**SOURCE DATA**:
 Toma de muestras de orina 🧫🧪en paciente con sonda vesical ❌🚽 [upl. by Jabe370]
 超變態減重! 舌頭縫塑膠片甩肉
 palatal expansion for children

==

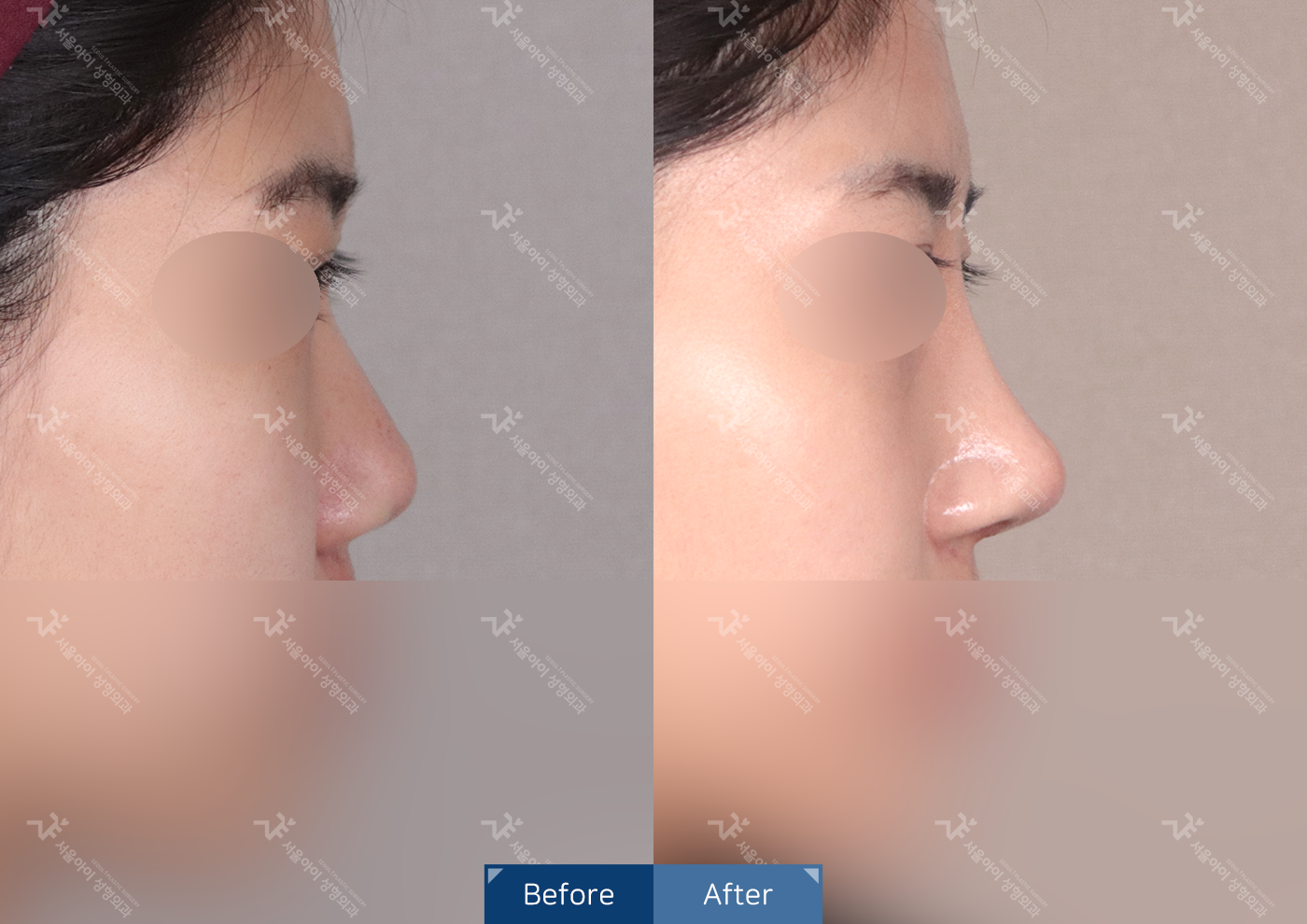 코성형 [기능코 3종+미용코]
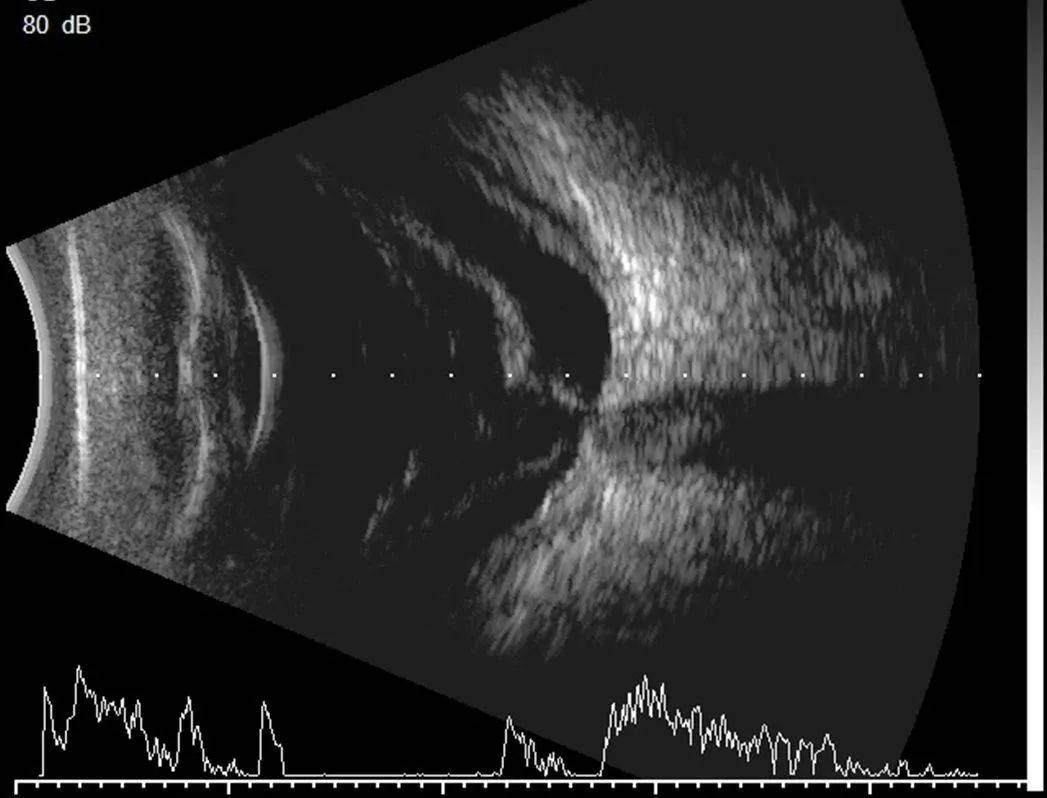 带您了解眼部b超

...

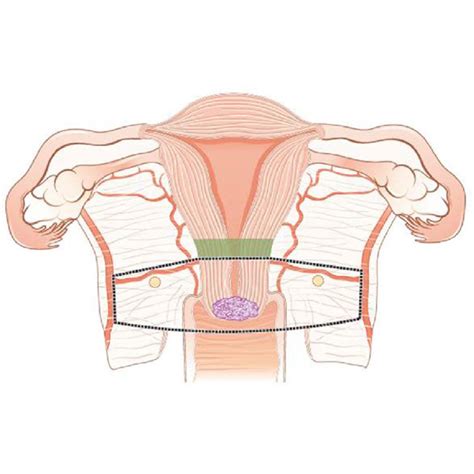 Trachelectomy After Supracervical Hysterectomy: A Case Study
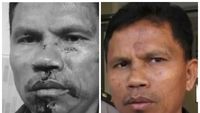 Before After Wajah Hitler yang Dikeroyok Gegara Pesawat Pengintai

**DIRECTIONS FOR THIS TASK**: From the records above, print only the lines between the one holding "Toma de muestras" and the one holding "palatal expansion for children", inclusive, exactly as they stand.

**EXERCISE RESPONSE**:
 Toma de muestras de orina 🧫🧪en paciente con sonda vesical ❌🚽 [upl. by Jabe370]
 超變態減重! 舌頭縫塑膠片甩肉
 palatal expansion for children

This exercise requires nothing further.